> [Assigned task]
From the listing below, output the lines between the one with "Trophée judo |" and the one with "Murfreesboro stump grinding", including those two, and nothing else. Pictures are not copied.
Segment Open
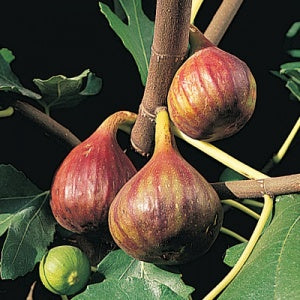 Fig 'Vern's Brown Turkey' (Ficus carica)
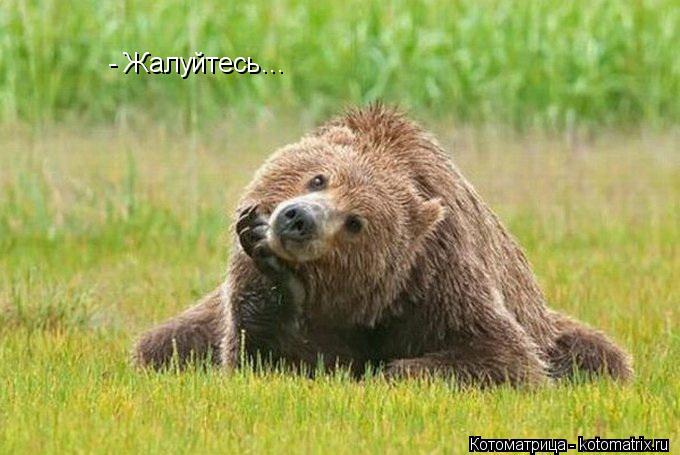 - Жалуйтесь…... Котоматрица: - Жалуйтесь…
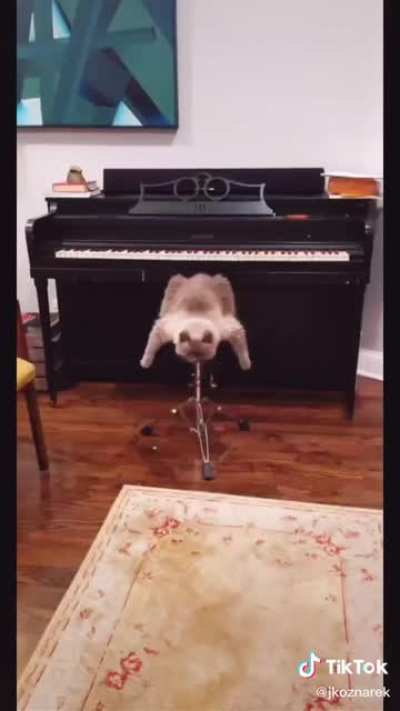 I think your cat is broken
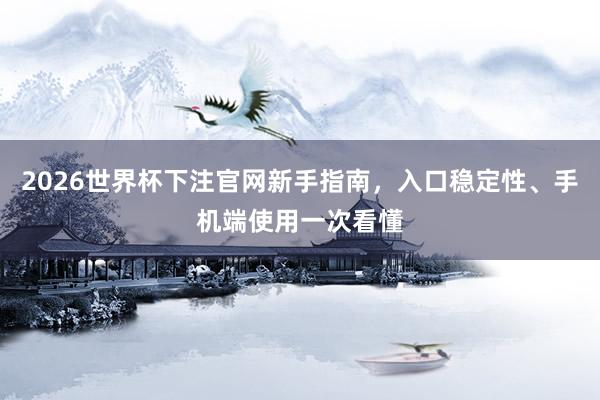 2026世界杯下注官网新手指南，入口稳定性、手机端使用一次看懂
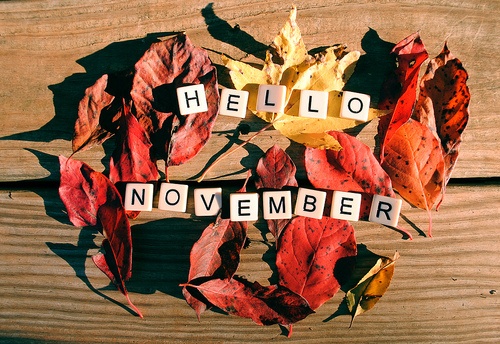 hello-november-card-with-fall-leaves.jpg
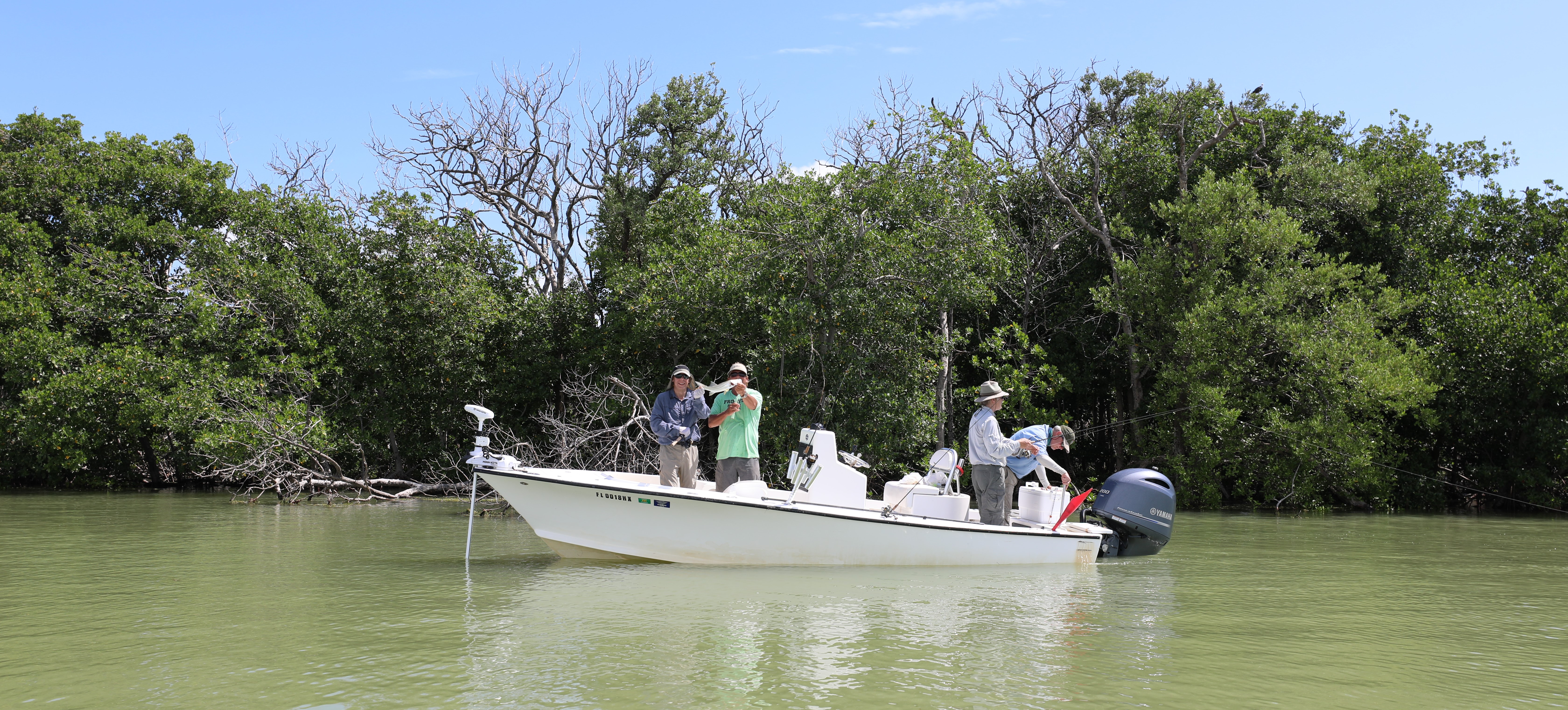 Go Fish: Cast Away Conflict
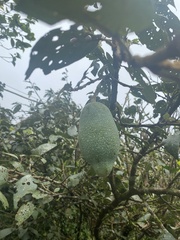 Ficus pumila awkeotsang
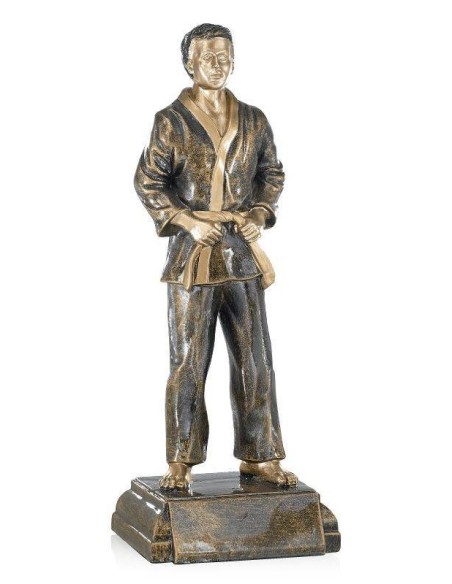 Trophée judo | Récompense de Qualité | FSP-20305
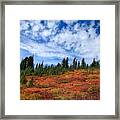 Fall Colors At Mount Rainier Framed Print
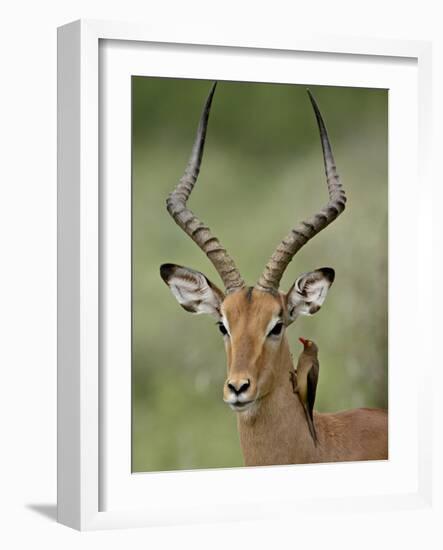 Male Impala (Aepyceros Melampus) With a Red-Billed Oxpecker, Kruger National Park, South Africa-null-Framed Photographic Print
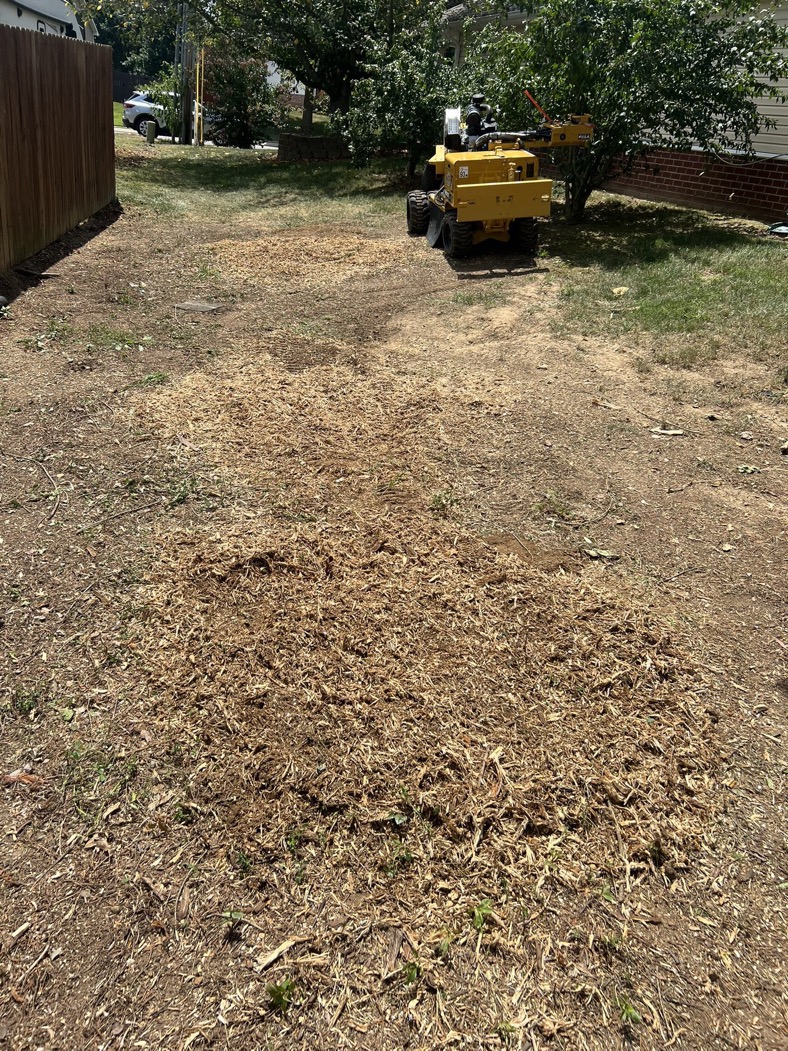 Murfreesboro stump grinding contractor - Rooted in Grace Stump Co professional service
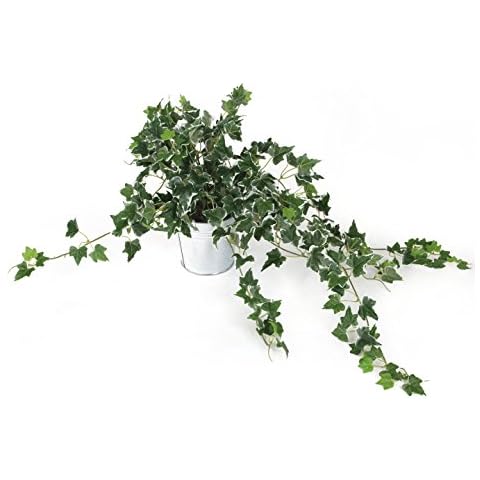 Closer2Nature Artificial 57cm Variegated Ivy Plug Plant, Fake Vine Green Leaves Hanging Vine Plant Decoration Plants for Indoors in Home Decor Lounge and Office or Outdoor Foliage - Pot Not Included Cover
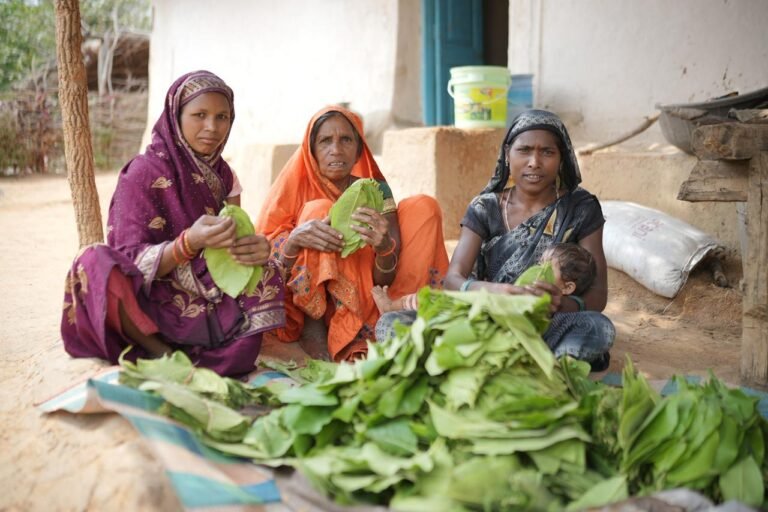 Tendu leaves become 'greenery's income'! Lemru forests bring prosperity to families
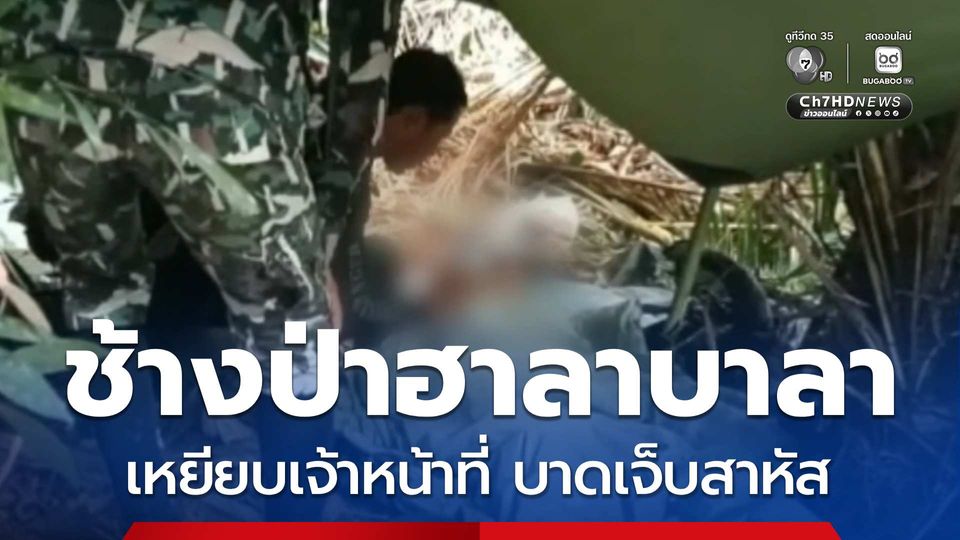 ช้างป่าเหยียบเจ้าหน้าที่ บาดเจ็บสาหัส จ.นราธิวาส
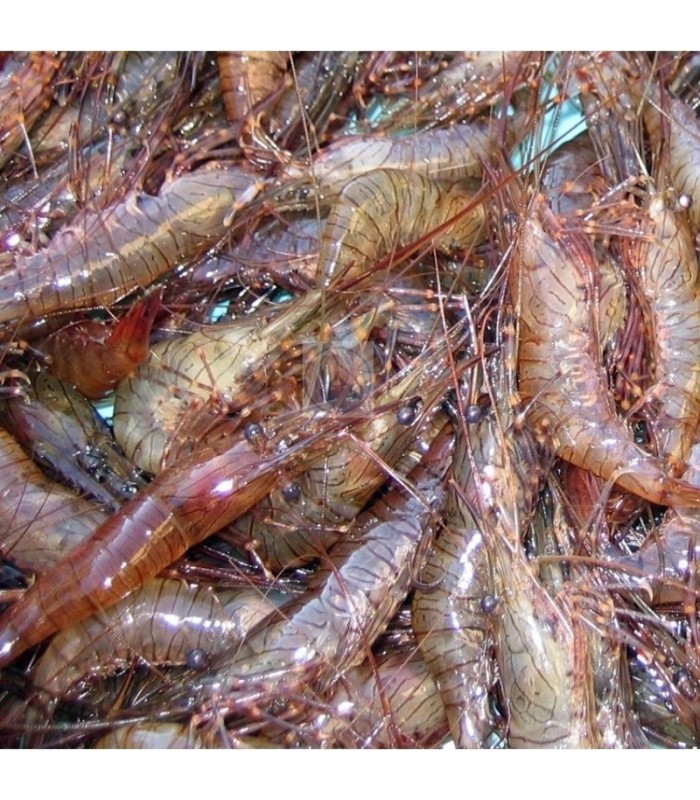 Camarón Gallego Mediano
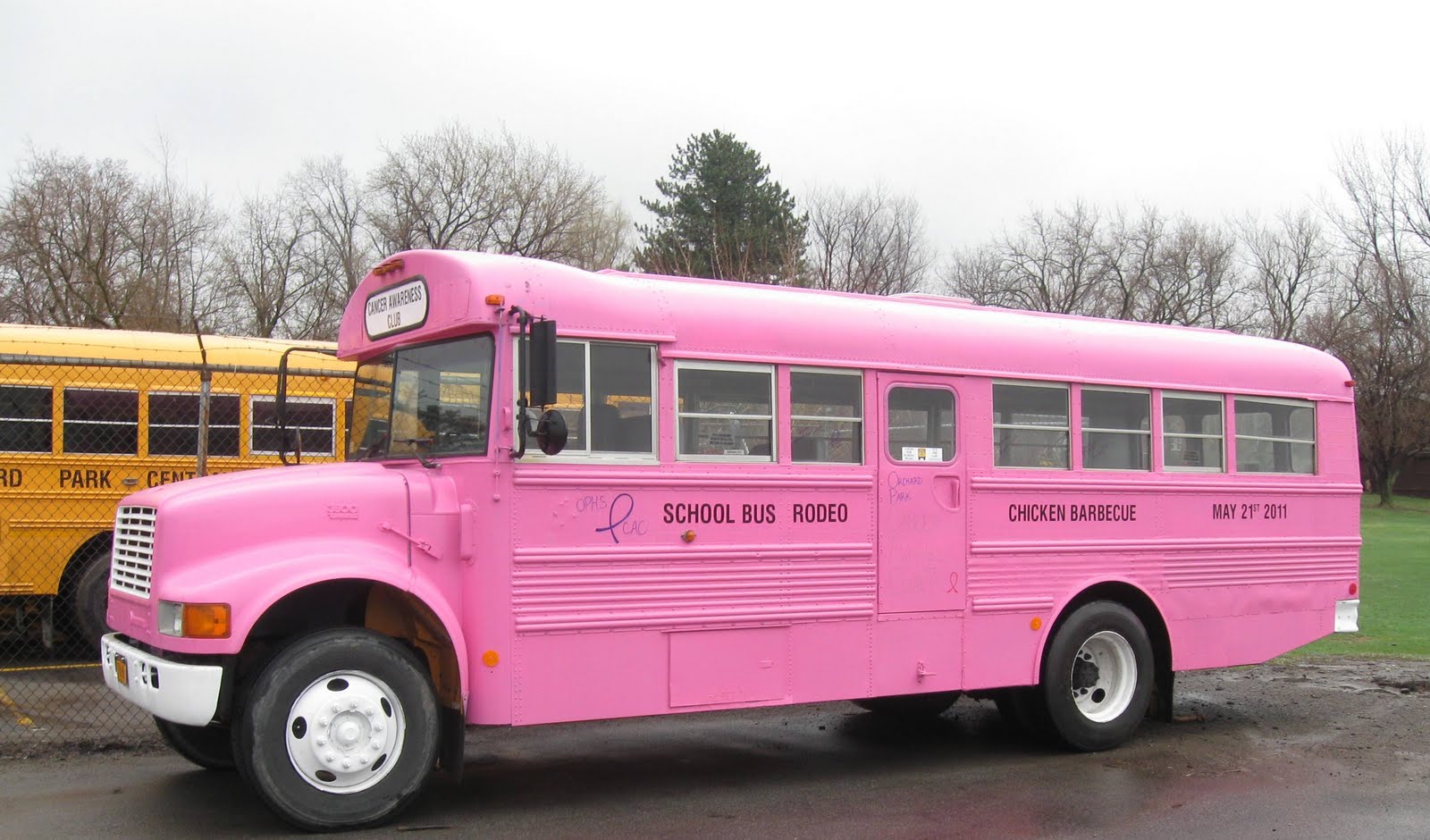 Creativespirit The "Pink Bus" in WNY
Segment Closed
> [Exercise result]
 Trophée judo | Récompense de Qualité | FSP-20305
 Fall Colors At Mount Rainier Framed Print
 Male Impala (Aepyceros Melampus) With a Red-Billed Oxpecker, Kruger National Park, South Africa-null-Framed Photographic Print
 Murfreesboro stump grinding contractor - Rooted in Grace Stump Co professional service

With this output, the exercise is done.